Claro que ele me passou, continuando a cruzar as
pistas arriscadamente, e foi fazendo isso através dos carros que iam à sua
frente. Alguns buzinavam, outros tentavam ir atrás, mas ele seguia em sua sanha
inabalável. Conforme os sinais iam fechando, eu notei que ele arriscava mudar
de pista, pra tentar fugir do engarrafamento. Mas aí eu percebi que as pessoas
não deixavam, não davam espaço pra ele entrar e ele era obrigado a parar. Isso
devia estar deixando ele bem inconformado.
Quando o trânsito andava, pelo escoamento dos
sinais que abriam, ele ia de novo exercendo a sua alfaiataria, sempre sendo
babaca e levando buzinadas pelas ventas. Quando parava tudo de novo ele ficava
ali, enjaulado, sem conseguir se desvencilhar. Na verdade, ninguém sabia pra
onde ele ia, pois ora ele saía pela direita como se fosse fazer a conversão pra
pista lateral e ora ele fazia o movimento oposto.
Foi assim até perto do Shopping, que é onde fica
a minha saída. Ali, uma pequena alça, à esquerda das pistas, é a opção pra quem
não vai pegar as pontes de saída da ilha. Naquele horário é meio um caos,
porque todo o trânsito pesado vai justamente para as famosas pontes. Ou seja,
“já vão tarde”, pensei eu com os meus espelhos retrovisores.
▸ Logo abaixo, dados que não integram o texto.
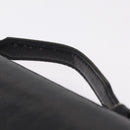 LOUIS VUITTON Taiga Zippy XL Long Wallet Black M44275 LV Auth LN248-10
Aguardando na fila pra sair da grande avenida, quem eu
vejo? O babaquinha, filhinho de papai. Isso mesmo. Bem pertinho de mim,
cruzando fora do local permitido, claro, e forçando a barra pra entrar. Só que
onde eu estava ele só ia conseguir passar quando eu andasse. E então eu fui bem
tranquilo, calmamente, quando abriu o sinal, pra que ele entendesse que eu não
estava ali pra dar passagem pra ele, nem eu e nem ninguém, pois cada um tem a
sua vez, e todos devem respeitar a fila, oras!
Eu andei, ele andou, eu forcei o espaço pra ele
não ter como furar a fila e ele ficou esperando que eu passasse. Aí, sim, ele
entrou na rua do lado, a mesma que a minha, e fomos juntos até o outro sinal,
ele atrás de mim.
Eu só queria ver a cara daquele bostinha. A cara
de pamonha metido a esperto dele. Mas não dava, por mais que eu olhasse. Então,
um carro do meu lado entrou numa garagem e ele veio pro lugar dele, até parar.
Janela com janela, eu estava pronto pra tudo. Ou quase tudo.
Quando eu senti que ele estava abrindo os
vidros, não tive dúvida, fiz o mesmo e fiquei pronto pra encarar o merdinha.
Não era merdinha! Era um senhor, muito, muito idoso. Com óculos de grau forte,
cara de professor de filosofia, cabelos poucos e branquinhos, sozinho e com um
sorriso largo e simpático no rosto.
– E aí, piloto? – disse ele – Bora pisar até o
túnel? Pode ir na frente que eu te alcanço logo logo!
Estupefato eu estava, estupefato eu continuei.
Sem conseguir responder nada, só olhando pro velhinho.
Ele abriu mais ainda o sorriso, mostrou a
tatuagem no braço e fez com as mãos um hang loose básico, ao mesmo tempo
em que dizia “Fui!” e me cortava pela última vez, em direção ao túnel da baía
sul.
Intuí, algum tempo depois, que as buzinadas
agora deviam ser pra mim, ali parado. Engatei a primeira marcha e saí dali bem
rapidinho, pisando forte até em casa.